The list of destinations (and sending) countries seems to correlate strongly to per capita GDP and personal safety (law & order). In terms of both absolute and % numbers, I'd say the Anglo-American countries fare pretty well on this list.

In the order of the list:
12 million want to move to Singapore
7 million into New Zealand
56 million into Canada
30 million into Australia
32 million into Spain
43 million into France
40 million into UK
180 million into the US

12 million out of Indonesia
60 million out of China
50 million out of India
29 million out of Brazil
73 million out of Nigeria
16 million out of Mexico
19 million out of Philippines

This is not an exact number -- it uses the most recent (not 2007) population, and also the Gallup deliberate rounding error distorts the results (is China 5% or 3% or 8%? -- a difference of 60 million peole).

david writes:

There are some spectacular outliers in the data. Saudi Arabia is in eyepopping second place (180%). Taiwan is ridiculously low (-20%, same as Iran, Vietnam, and Azerbaijan). Likewise, you can't really argue with a straight face that people want to flee Hong Kong (-15%) at the same net rate as they do of Iraq (-15%).

Presumably there are some severe geographic distortions here; people who want to move out of Hong Kong might actually be wanting to move to neighbouring Shenzhen, perhaps. Then the apparent massive emigration is just due to disparities in local property prices. That probably accounts for why Botswana (55%) is ranked above Norway (35%) and Denmark (30%). It's not that it's a fantastic destination on the world scale, but rather it's the least corrupt nation on the African continent, so it attracts a lot of migrants from its neighbours. Likewise for rich US-protected Saudi Arabia and Singapore, probably.

david writes:

* apparent desired emigration. I'm guessing that respondents named countries they felt they could plausibly get into, rather than countries with relatively high barriers like the US.

An alternative explanation is that an incredibly desire for a similar culture discourages respondents from being more cosmopolitan (and therefore heading for the rich countries), but this just doesn't seem believable.

Francis writes:

I agree with Joel: the PNMI measures nothing more than the potential demographic disruption in a given country. Otherwise, what might possibly mean the ratio of the number of people who would like to immigrate in a country to its population?

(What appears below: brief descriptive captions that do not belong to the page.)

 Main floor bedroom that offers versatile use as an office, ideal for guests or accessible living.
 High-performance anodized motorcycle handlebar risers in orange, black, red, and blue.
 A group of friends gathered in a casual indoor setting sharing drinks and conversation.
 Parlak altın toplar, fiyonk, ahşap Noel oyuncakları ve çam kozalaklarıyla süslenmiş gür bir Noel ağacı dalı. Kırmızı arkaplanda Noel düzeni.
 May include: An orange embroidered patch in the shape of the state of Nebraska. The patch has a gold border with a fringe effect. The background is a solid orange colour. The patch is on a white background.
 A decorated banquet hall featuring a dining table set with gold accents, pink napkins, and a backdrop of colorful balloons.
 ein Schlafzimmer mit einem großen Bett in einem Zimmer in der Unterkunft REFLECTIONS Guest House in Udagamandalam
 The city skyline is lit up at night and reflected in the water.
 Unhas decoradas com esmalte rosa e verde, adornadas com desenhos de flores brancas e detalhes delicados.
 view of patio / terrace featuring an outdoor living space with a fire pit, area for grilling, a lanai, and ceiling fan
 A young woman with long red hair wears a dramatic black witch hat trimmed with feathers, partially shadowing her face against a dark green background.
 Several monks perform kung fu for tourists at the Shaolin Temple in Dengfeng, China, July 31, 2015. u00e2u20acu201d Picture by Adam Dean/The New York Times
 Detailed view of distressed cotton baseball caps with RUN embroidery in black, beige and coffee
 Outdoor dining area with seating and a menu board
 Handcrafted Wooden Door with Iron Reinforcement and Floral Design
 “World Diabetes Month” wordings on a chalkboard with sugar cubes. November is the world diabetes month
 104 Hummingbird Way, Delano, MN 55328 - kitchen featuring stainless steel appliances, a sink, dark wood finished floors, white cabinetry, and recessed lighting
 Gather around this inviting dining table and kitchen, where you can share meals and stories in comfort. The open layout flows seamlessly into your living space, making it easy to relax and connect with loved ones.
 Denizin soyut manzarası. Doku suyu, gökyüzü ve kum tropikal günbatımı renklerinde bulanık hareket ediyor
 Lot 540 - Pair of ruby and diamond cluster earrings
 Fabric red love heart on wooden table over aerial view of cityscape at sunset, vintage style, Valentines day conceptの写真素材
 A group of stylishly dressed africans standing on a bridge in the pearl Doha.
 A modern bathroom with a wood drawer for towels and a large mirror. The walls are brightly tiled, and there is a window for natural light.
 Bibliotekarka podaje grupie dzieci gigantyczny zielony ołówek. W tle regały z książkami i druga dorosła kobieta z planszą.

However, dividing the number of people who would like to leave a country by the population of that country is conceivably an index of how people dislike staying there.

woupiestek writes:

Remember the law of large numbers! It is far easier for a city state to score extremely high or low on any statistic whatsoever, than it is for a big country like the United States.

Mike Rulle writes:

You have this thing for Singapore, which I don't get. I bet you liked Plato's Republic as a college student. Its a great city, naturally diverse, economically literate bla, bla, with much to be said for it.

But be sure to pack your own bags before you go there---don't want to be hung for a mislaid bit of pot. Underneath it all there is a dictatorship trying to get out.

John Thacker writes:

While it makes sense to adjust the number of people who would like to move out for population, I'm not sure how much it makes sense to adjust the number of people who would like to move in. Surely it makes sense to adjust it somewhat-- people have a recall bias (and other biases) towards naming larger countries in such surveys. A full adjustment seems overkill, though.

Thomas Sewell writes:

What struck me about the survey was that Israel is at 0%. I was interested to see what the numbers would reflect in terms of the historical desire for Jews to migrate there and how many were left elsewhere that still didn't want to be elsewhere. It appears the big migration that started years ago has resulted in a balance.

Overall, I agree that the percentage of population result seems less significant than just showing the raw numbers of people in each direction.